I may return a 0 for a non-match or when one or each values are empty, however I feel you will need to return completely different leads to these 2 completely different instances. Additionally, not discovered and invalid really feel qualitatively completely different to a calculated index to me, so shouldn’t be simply one other quantity. What do you suppose?
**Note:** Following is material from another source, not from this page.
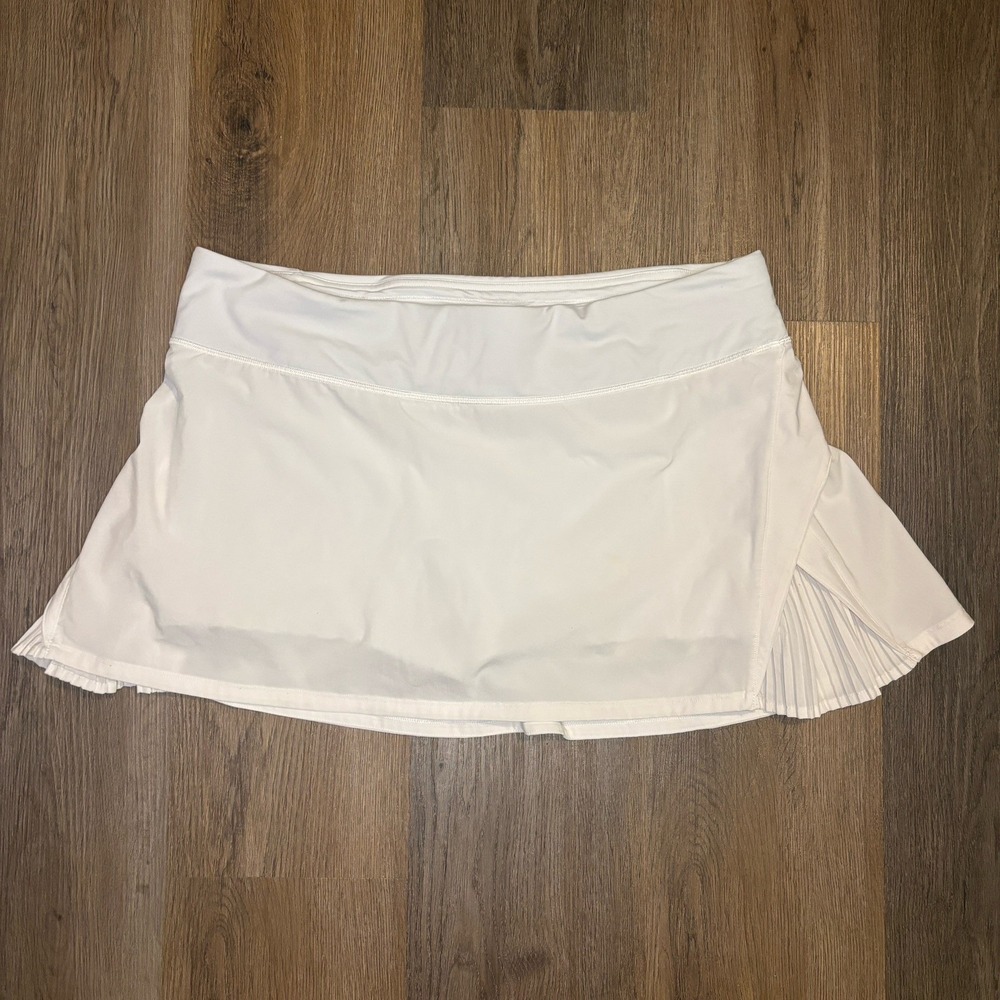 Lululemon Play Off The Pleats Skirt 13" White Size 12 Skort Golf Tennis Athletic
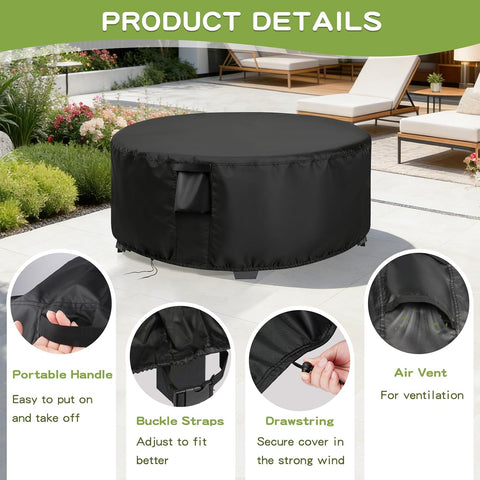Patio Furniture Cover Round for 36 Inch Outdoor Dinner Table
*** Replace 14-Dec-2023 ***
I’ve been across the homes a bit extra following suggestions on this weblog, the Straightforward Knowledge Remodel discussion board and hacker information and this what I’ve determined:
IndexOf() v1 in v2:
v1 | v2 | IndexOf(v1,v2) |
---|---|---|
1 | ||
aba | ||
aba | 1 | |
a | a | 1 |
a | aba | 1 |
x | y | |
world | whats up world | 7 |
This is identical as Excel FIND() and differs from Javascript indexOf() (ignoring the distinction in 0 or 1 primarily based indexing) just for “”.indexOf(“”) which returns -1 in Javascript.
LastIndexOf() v1 in v2:
v1 | v2 | LastIndexOf(v1,v2) |
---|---|---|
1 | ||
aba | ||
aba | 4 | |
a | a | 1 |
a | aba | 3 |
x | y | |
world | whats up world | 7 |
This differs from Javascript lastIndexOf() (ignoring distinction in 0 or 1 primarily based indexing) just for “”.indexOf(“”) which returns -1 in Javascript.
Conceptually the index is the 1-based index of the primary (IndexOf) or final (LastIndexOf) place the place, if the V1 is faraway from the discovered place, it must be re-inserted with a view to revert to V2. Because of layer8 on Hacker Information for clarifying this.
Javascript and C++ QString return an integer and each use -1 as a placeholder worth. However Straightforward Knowledge Remodel is returning a string (that may be interpreted as a quantity, relying on the rework) so we aren’t sure to utilizing a numeric worth. So I’ve left it clean the place there is no such thing as a legitimate outcome.
Now I’ve spent sufficient time down this rabbit gap and have to get on with one thing else! When you don’t prefer it you’ll be able to all the time add an If with Calculate or use a Javascript rework to get the outcome you favor.
*** Replace 15-Dec-2023 ***
Fairly a little bit of debate on this matter on Hacker Information.